Baffle Design Analysis for a Road Tanker: Transient Fluid Slosh Approach

Baffles are known to help reduce the amplitude of fluid slosh in partly filled tanks, particularly during braking and acceleration. The transient fluid slosh approach is proposed to evaluate the effectiveness of baffles designs. A computational fluid dynamic (CFD) fluid slosh model is developed using the VOF (volume of fluid) technique coupled with a Navier-Stokes solver. The validity of the model is demonstrated using the experimental data acquired with a scale model tank. The validated CFD model is subsequently formulated for a full scale tank and simulations are performed under excitations idealizing the straight-line braking maneuvers to investigate the anti-slosh role of four different transverse baffles concepts. The fluid slosh responses are analyzed in terms of the fundamental slosh frequency, and the resulting forces and moments under different fill volumes of liquid cargos of constant load.

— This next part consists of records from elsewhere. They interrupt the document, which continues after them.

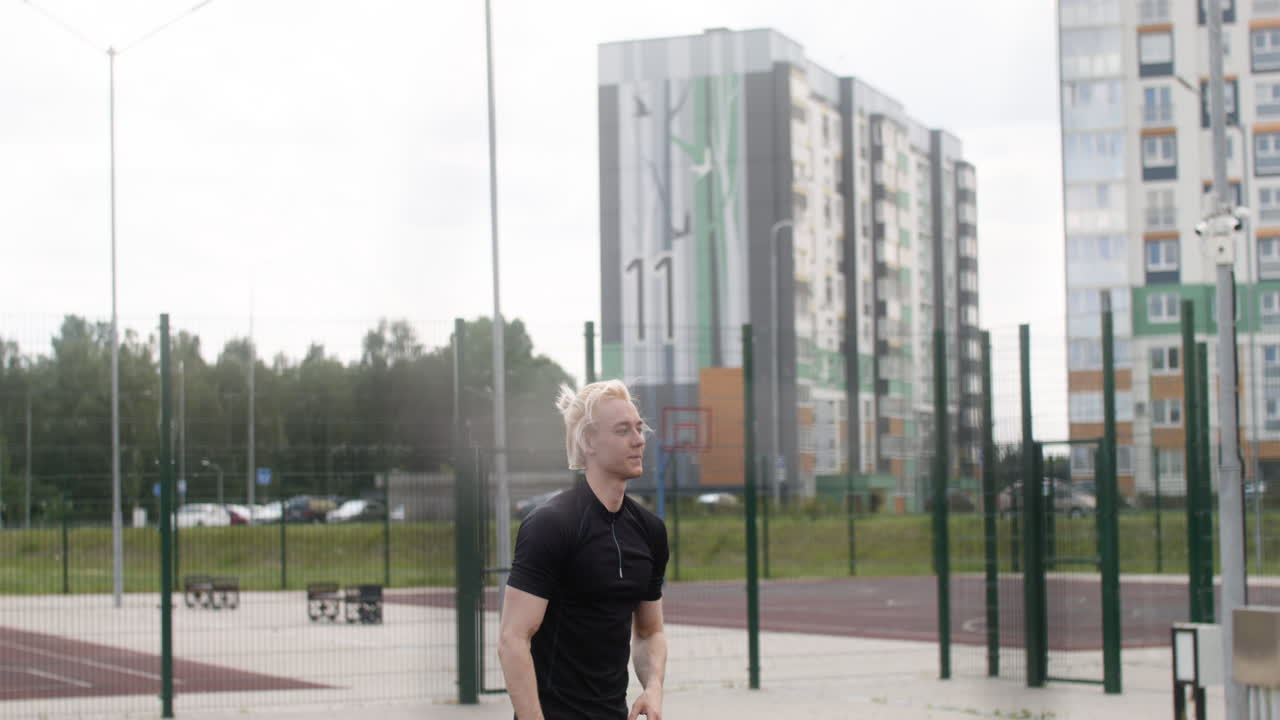 Blond man hitting a volleyball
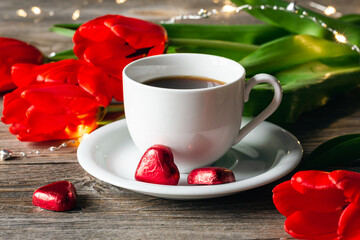 Composition with a cup of coffee, heart-shaped sweets and red flowers close-up.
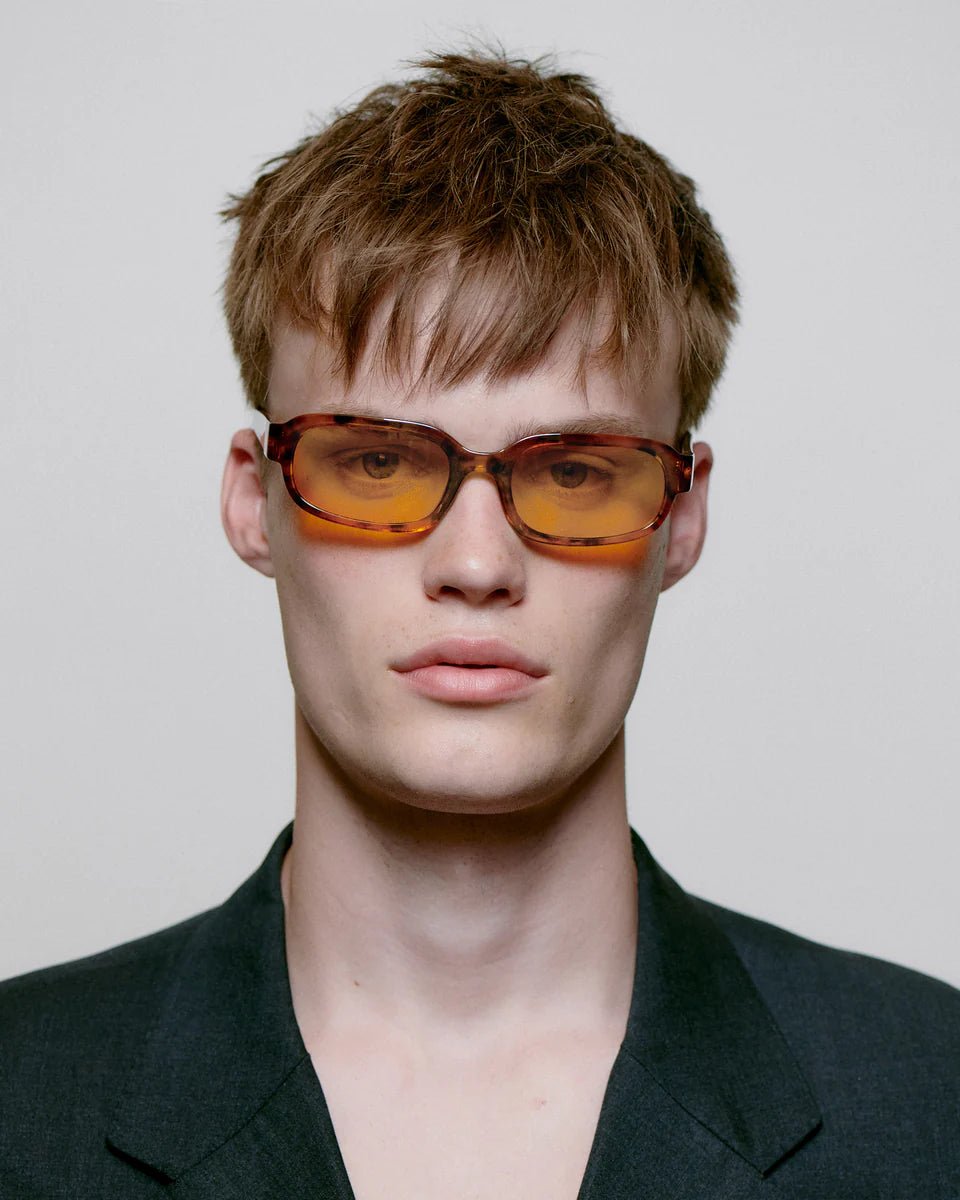 Havana-style Will sunglasses by A. Kjaerbede with rounded frames and tinted lenses, displayed on a neutral background.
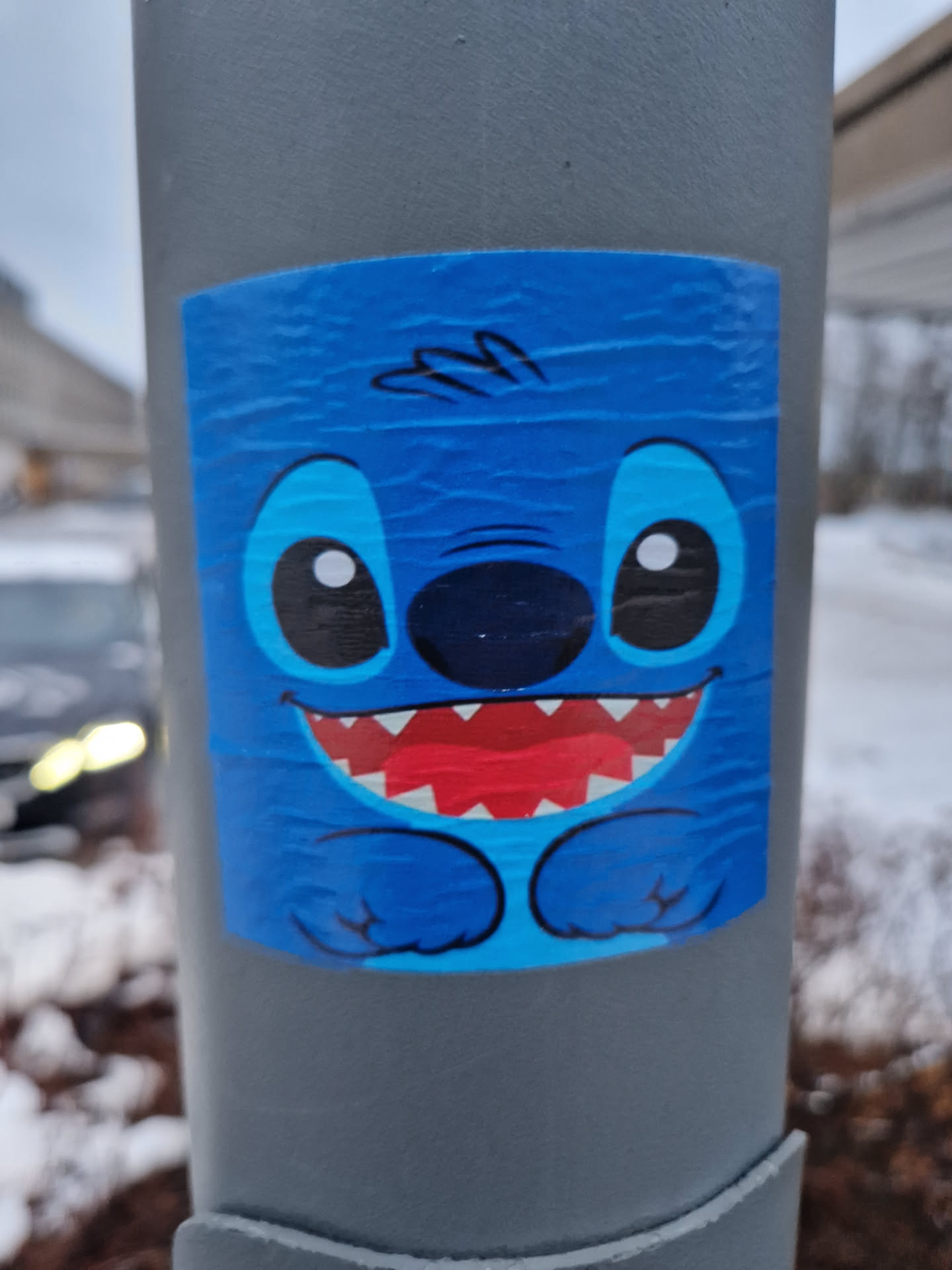 A blue Stitch sticker is applied to a grey pole. The sticker shows Stitch smiling.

The simulation results show that the natural frequency and peak magnitudes of slosh forces and moments strongly depend on the baffle design and the fill volume. The transverse baffles yield significantly higher longitudinal mode slosh frequency, and lower longitudinal force and pitch moment. The shape and locations of baffles orifices play significant role in suppressing the transient fluid slosh. Highly effective anti-slosh effect is also observed for the partial baffle designs under higher fill levels.